When it comes to gatherings and keeping disagreements on controversial topics from boiling over, family therapists say it’s important to remember why we celebrate.

“Thanksgiving for me, is a time for me to be around family and just kind of reflect on what the last few months have been like and have an opportunity to engage in some gratefulness,” licensed mental health Professional Kate Kinman said.

Controversial topics like politics, and now, vaccinations, may come up. How you handle these conversations could dictate how the day with your family goes.

“Setting boundaries is always a great thing, or just, you know, trying to gently redirect conversation back to something a little less heated,” said family therapist Lisa Butler.

Kinman and Butler said worrying about keeping the peace with family around the holiday is nothing new for their clients.

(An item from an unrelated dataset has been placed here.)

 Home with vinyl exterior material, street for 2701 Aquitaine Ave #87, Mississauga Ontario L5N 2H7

“Quite often in our sessions, it’s been something that we’re at least touching base on,” Butler said. “I’m at least bringing it up to make sure that there isn’t any tension or nervousness that I can help them through. and for a lot of them, we’re kind of coming up with some clear structure of how they want to handle it.”

If certain topics of conversation come up that could turn controversial, counselors and therapists offer tips to redirect the focus.

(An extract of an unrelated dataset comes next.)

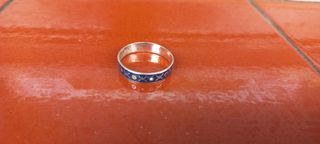 Anillo plateado con detalles azules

“Just turn it into something more light, or more playful,” Butler said. “Redirect it to Grandma or the kids or something that we can all agree on.”

It’s important not to forget if kids are around, even if they’re not at the table where the heated conversation is happening.

“Kids are great listeners, even when we think they’re no paying attention,” Kinman said. “And so, kind of keeping a mind that even when you think you’re having a quiet adult conversation, their might be little ears who are paying attention and they’re going to internalize some of those things.”

Kinman and Butler advise picking another day to talk about difficult topics and instead, focus on family and food.